Once jornadas después del comienzo, el Zaragoza estaba a cero. Sin plan ni certezas. Por el camino, eso sí, habían quedado señalados, si no liquidados, algunos jugadores. Irureta, Bagnack, Casado, Barrera, Morán... El equipo dejaba verdades irrefutables. Valdrían casi todas para hoy, Agné mediante. Al nuevo técnico le duró el discurso por dentro menos de un mes. El agobiante 2-1 ante el Almería y el apacible 2-0 al Mirandés se trufaron con un cambio de intenciones en el empate de Mallorca (2-2).

Igual que con Milla

Se creyó, o se quiso, otro Zaragoza. Pero la verdad ha terminado por dejar en el campo las mismas conclusiones que en la etapa anterior. El de Cádiz bien podría haber sido un partido de Milla, con esa insoportable sensación de saberse derrotado desde bien pronto, con esa incapacidad para gobernar un partido desde cualquier punto.

El Zaragoza es defensivamente un desastre, como bien demuestran sus números. Debería abochornar a todos y cada uno de los que entran en ese vestuario ser el equipo más goleado de Segunda. Ese dato, por sí solo, explica la incapacidad de los fichadores, los fichados y los técnicos para ponerle el suelo a un proyecto que se derrumba otra vez. Se cae por eso, porque no valen los centrales suplentes, porque no hay quien se crea a tres de los cuatro laterales, porque Manu Lanzarote se ha vuelto a ir de vacaciones, porque solo Cani pone luz a este sinrazón de oscuridad, porque pepinazo solo hubo un día...

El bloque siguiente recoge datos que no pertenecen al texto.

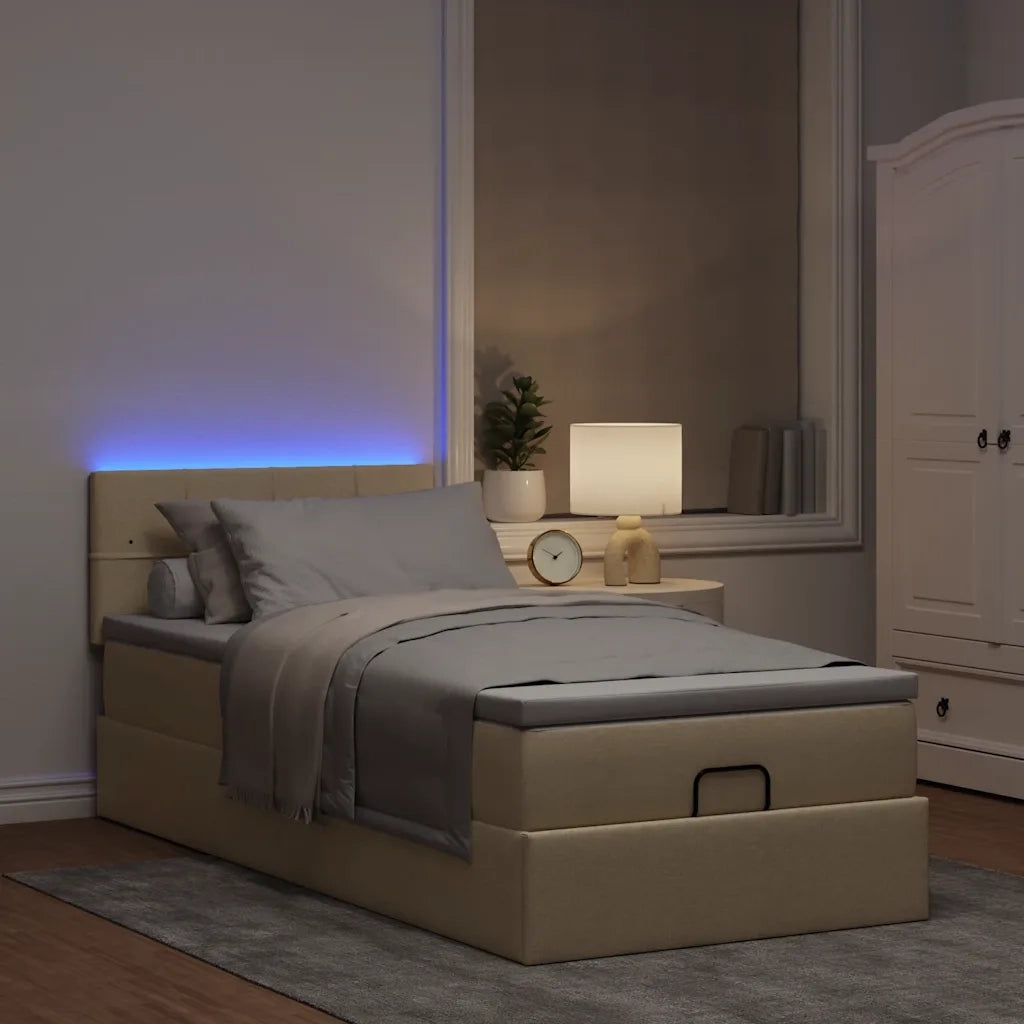 Pouf Letto con Materasso Crema 100x200 cm in Tessuto 3312289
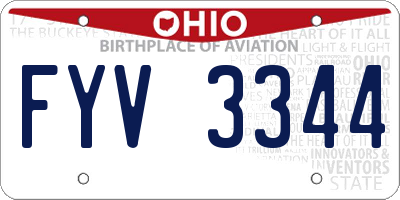 OH license plate FYV3344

Así, el Zaragoza se parece al de los últimos años. Es decir, no sabe muy bien lo que es, aun siendo tan poca cosa. No puede gobernar un partido con el balón ni es capaz de defenderse con coherencia, lo cual lo sitúa en un punto de endeblez e indefinición. Agné ha sido más fiel a un sistema (4-4-2), pero el equipo se le ha desplomado igual, con ese insensato desapasionamiento que expresa en fútbol y actitudes. El proyecto ya se ha comido un portero, dos centrales, al menos otro par de centrocampistas y medio delantero. Zapater va desapareciendo y solo aguanta el tipo Cani. Como el muchacho se harte o se lesione, Agné quizá opte por aquello de la virgen y las velas. Le queda una alternativa, claro, esa que hoy parece imposible: convertir ese conjunto de juego indefinible en un equipo de fútbol.